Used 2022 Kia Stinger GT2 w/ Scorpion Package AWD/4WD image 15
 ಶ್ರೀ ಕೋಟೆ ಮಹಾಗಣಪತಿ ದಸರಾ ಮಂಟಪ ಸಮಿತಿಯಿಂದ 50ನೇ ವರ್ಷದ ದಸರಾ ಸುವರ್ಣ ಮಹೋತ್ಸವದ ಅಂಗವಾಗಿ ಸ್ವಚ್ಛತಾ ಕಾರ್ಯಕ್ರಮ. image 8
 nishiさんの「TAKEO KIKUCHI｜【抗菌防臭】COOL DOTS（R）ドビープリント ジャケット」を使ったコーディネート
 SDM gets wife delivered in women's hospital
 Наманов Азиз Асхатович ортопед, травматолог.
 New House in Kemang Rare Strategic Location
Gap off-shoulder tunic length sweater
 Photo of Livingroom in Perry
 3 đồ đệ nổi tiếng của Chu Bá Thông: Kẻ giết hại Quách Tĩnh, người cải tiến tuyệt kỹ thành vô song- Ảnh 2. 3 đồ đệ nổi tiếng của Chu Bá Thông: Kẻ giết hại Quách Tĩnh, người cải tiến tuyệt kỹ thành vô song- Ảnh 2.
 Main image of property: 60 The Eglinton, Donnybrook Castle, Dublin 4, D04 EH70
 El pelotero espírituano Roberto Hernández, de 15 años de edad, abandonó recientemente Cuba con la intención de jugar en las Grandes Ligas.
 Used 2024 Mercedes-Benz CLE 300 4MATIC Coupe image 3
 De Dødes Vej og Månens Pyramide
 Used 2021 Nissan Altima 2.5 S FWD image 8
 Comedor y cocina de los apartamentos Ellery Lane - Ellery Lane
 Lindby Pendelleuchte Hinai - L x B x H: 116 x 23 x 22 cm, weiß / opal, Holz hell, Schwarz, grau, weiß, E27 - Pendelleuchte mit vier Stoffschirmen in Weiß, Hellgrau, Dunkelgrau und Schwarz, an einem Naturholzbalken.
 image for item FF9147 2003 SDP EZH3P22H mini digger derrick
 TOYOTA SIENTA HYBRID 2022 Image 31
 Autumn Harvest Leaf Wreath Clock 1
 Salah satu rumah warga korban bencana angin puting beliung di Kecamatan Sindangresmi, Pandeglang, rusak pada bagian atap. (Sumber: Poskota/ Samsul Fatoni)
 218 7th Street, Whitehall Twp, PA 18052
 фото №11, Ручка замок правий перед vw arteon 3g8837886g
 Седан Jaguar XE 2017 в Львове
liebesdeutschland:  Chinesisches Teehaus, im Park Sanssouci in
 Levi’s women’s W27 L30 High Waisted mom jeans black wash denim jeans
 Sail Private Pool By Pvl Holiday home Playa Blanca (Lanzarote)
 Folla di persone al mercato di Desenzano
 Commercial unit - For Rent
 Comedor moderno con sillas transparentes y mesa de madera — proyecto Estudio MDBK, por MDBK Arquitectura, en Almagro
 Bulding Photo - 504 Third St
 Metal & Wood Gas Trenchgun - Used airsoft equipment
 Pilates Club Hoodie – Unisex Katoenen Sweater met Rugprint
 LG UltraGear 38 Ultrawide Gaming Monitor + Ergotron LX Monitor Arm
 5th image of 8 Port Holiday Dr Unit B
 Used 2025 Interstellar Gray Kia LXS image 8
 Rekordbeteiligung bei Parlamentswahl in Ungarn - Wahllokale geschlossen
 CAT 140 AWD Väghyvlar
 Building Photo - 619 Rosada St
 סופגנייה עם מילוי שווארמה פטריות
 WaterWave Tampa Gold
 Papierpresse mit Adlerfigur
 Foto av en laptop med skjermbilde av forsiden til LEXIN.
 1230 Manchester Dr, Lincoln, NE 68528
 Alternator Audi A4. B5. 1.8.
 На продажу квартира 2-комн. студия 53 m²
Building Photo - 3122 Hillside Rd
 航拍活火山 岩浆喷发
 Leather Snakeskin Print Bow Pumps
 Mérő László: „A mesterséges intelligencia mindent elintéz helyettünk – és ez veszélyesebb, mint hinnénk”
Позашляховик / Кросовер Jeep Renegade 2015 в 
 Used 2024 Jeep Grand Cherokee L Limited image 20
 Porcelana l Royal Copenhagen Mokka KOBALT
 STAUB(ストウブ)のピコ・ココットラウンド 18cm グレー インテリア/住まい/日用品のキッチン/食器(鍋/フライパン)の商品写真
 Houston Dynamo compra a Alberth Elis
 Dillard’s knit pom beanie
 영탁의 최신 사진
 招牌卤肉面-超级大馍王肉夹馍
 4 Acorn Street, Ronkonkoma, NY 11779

══════

§ EXERCISE DETAILS
Which lines hold the word "women"? Return all of them from the records above.

§ SOLUTION FOR THIS PROBLEM
 SDM gets wife delivered in women's hospital
 Levi’s women’s W27 L30 High Waisted mom jeans black wash denim jeans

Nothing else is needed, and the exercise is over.